## TASK TO CARRY OUT
With the pictures removed, please write out every line below exactly as given.

## GIVEN DATA
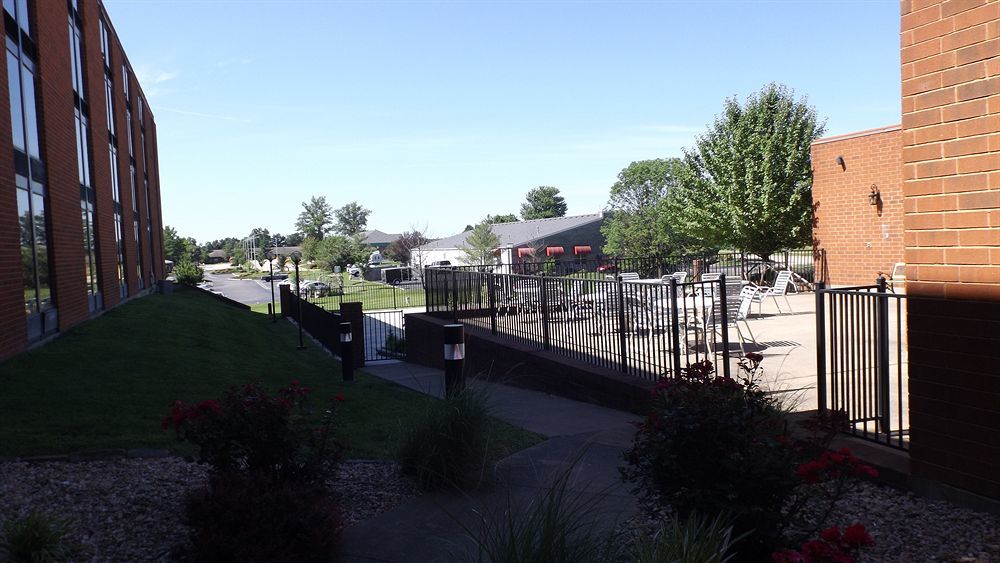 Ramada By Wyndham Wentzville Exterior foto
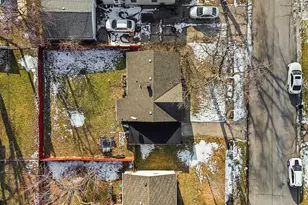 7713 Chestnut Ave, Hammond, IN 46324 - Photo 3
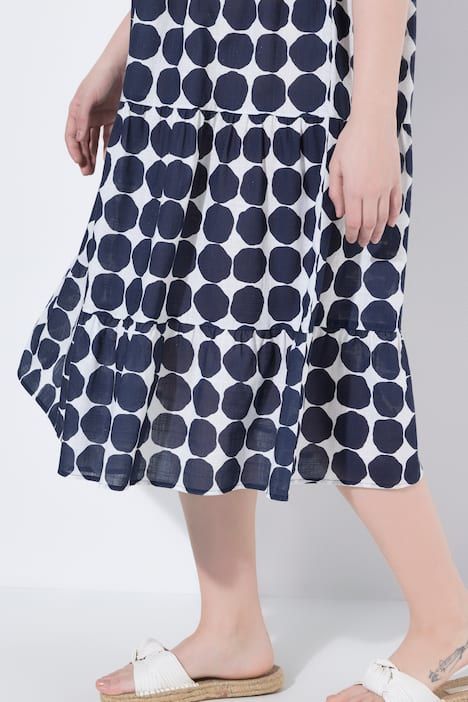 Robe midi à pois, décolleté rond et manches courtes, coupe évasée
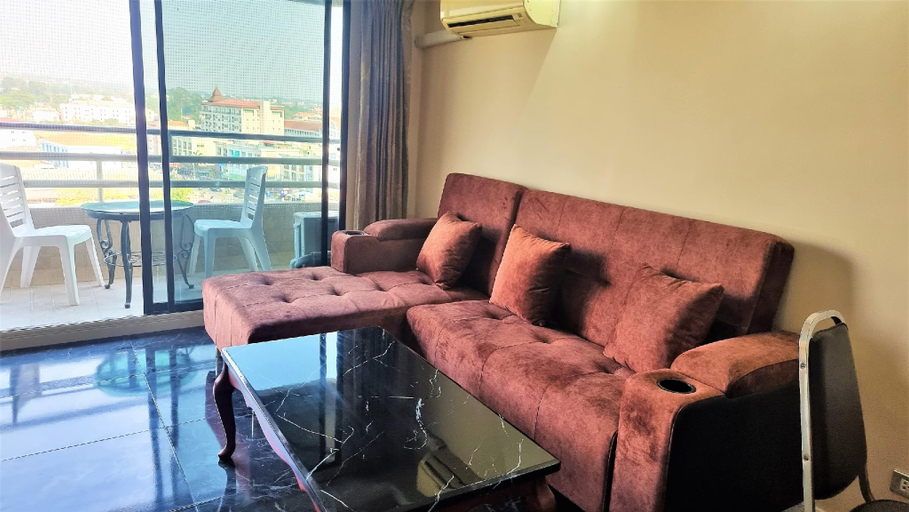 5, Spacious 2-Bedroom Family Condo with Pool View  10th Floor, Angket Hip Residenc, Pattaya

## RESULT BELOW
 Ramada By Wyndham Wentzville Exterior foto
 7713 Chestnut Ave, Hammond, IN 46324 - Photo 3
 Robe midi à pois, décolleté rond et manches courtes, coupe évasée
 5, Spacious 2-Bedroom Family Condo with Pool View  10th Floor, Angket Hip Residenc, Pattaya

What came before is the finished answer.